Many participants also mentioned changes in their children’s moods. According to their narratives, their children could control their tempers and showed patience when communicating with others. A participant mentioned: “I used to have to repeat my question several times before he’d reply, but now he talks a lot. When he’s angry, he does not lose his temper immediately but instead tells me ‘Mom, please help me to see this and forgive me. I won’t do this again…’ His heart would melt, and he would say nice words to me. I think he lets me understand his psychological activities, and this situation is very good.” (PTA-FG-01).

Furthermore, some participants were impressed by the improvements in their children’s academic performance and interpersonal communication in school. One participant shared: “My biggest feeling now is that my child is making progress in his learning. He had a problem with adding and subtracting numbers beyond 10 in math, but now, although he does this slowly, he can figure it out. He did not write much before, but now he writes…. He had also learned some words from his peers. For example, he would say: ‘Mom, you were fierce to me,’ which he had before…Also, he knew fewer children before, but now he basically knows the names of his peers. He now plays games with his peers in school when he didn’t play much before… Additionally, he began to like painting and had greatly improved.” (PTA-FG-02).

In addition to the changes in the children after the intervention, over half of the participants described their improvements in mood and mental status, citing that they “feel good” “greatly relaxed” “less anxious” and “much calmer”. “Before I learned about ADHD, I didn't understand my boy. I felt that other children are very good, and I didn’t understand why he was always like that. I was angrier. But now, I feel that I understand him more, and he is very happy to be massaged at night. Now, when he makes a mistake, I feel that I can’t get angry because I want to know him. Therefore, my mood improved.” (PTA-FG-05).

Some of the parents also mentioned that their relationships with children became closer. “He probably could not feel the care and love from adults before. (Now) He slowly understood his mother’s difficulties, so now he also says, ‘Mom, let me hug you and give you a kiss.’ I am really very moved, and it is also a process of growth for myself.” (PTA-FG-12).

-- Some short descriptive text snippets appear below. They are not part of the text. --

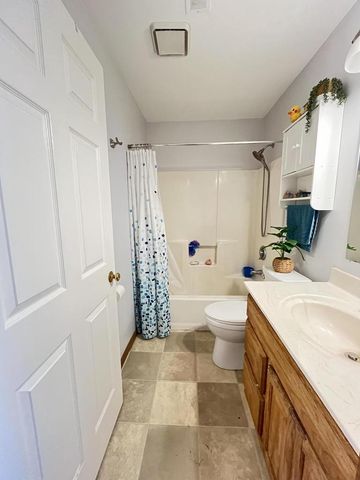 2091 S 102nd STREET #D, West Allis, WI 53227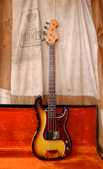 Fender Precision Bass 1966 Sunburst 6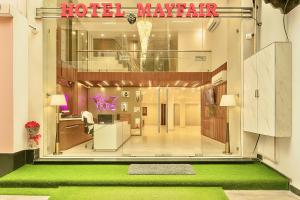 Hotel Mayfair Just a Minute Away From New Delhi Railway Station and Connaught place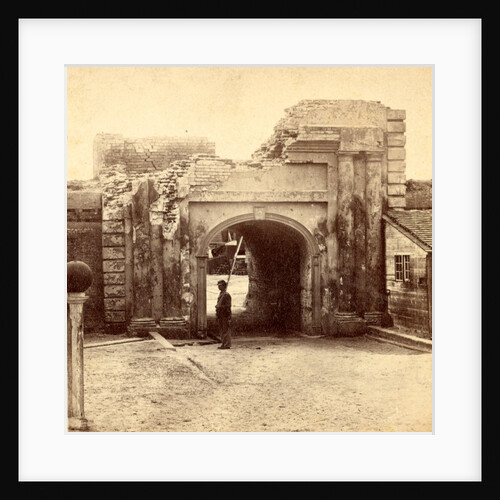 Sally-port of Fort Moultrie by Anonymous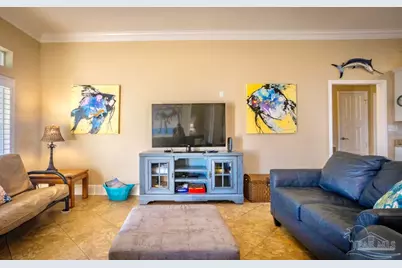 709 Maldonado Dr, Pensacola Beach, FL 32561 - Photo 19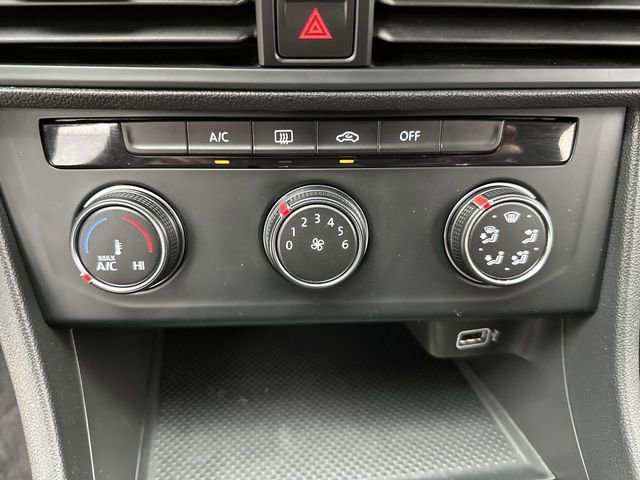 Used 2019 Volkswagen Jetta S w/ Driver Assistance Package image 20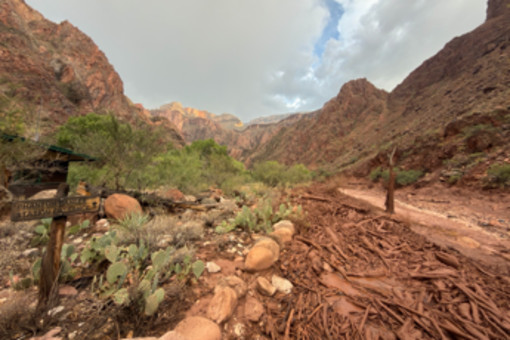 Alluvione lampo travolge il Grand Canyon: 1 morto e 15 escursionisti dispersi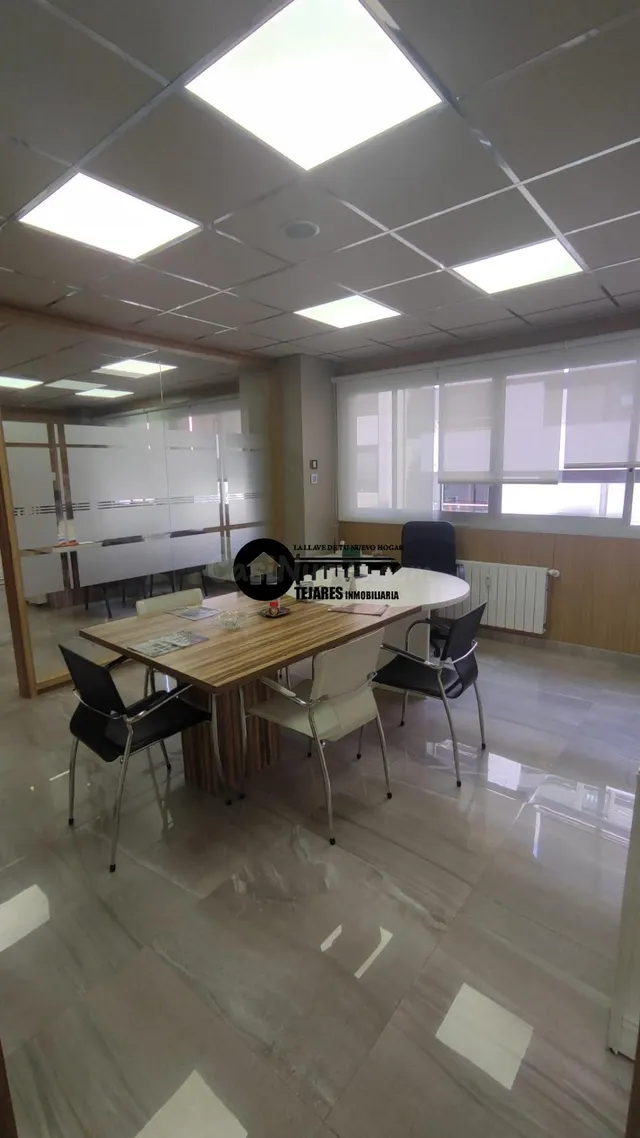 INMOBILIARIA TEJARES VENDE OFICINA REFORMADA EN PLENO CENTRO - foto 4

Acceptability to parents and children

The primary advantage as felt by almost participants was that pediatric tuina is safe and has no or minimal side effects. Furthermore, it is an economical intervention that would not exert financial pressure on the families of children with ADHD. A mother said “ADHD, has many treatments, but I feel that pediatric tuina is the best one. It only needs a little time, and it does not waste money. It won’t be as bad for the body as medication, and it is particularly reassuring, so I think it is particularly good.” (PTA-FG-05).

Some participants also mentioned the convenience and accessibility of this intervention because it could be learned and delivered at home. Therefore, they did not need to go to hospitals during the COVID-19 pandemic. A parent stated that “I used to go far to take my child to the Children’s Hospital for pediatric tuina, and I could only take them on weekends. Every time I spent 200 yuan to receive tuina only for 20 min. I was suddenly enlightened after having attended the tuina class. You have enabled me to do tuina by myself without needing to go so far.” (PTA-FG-01).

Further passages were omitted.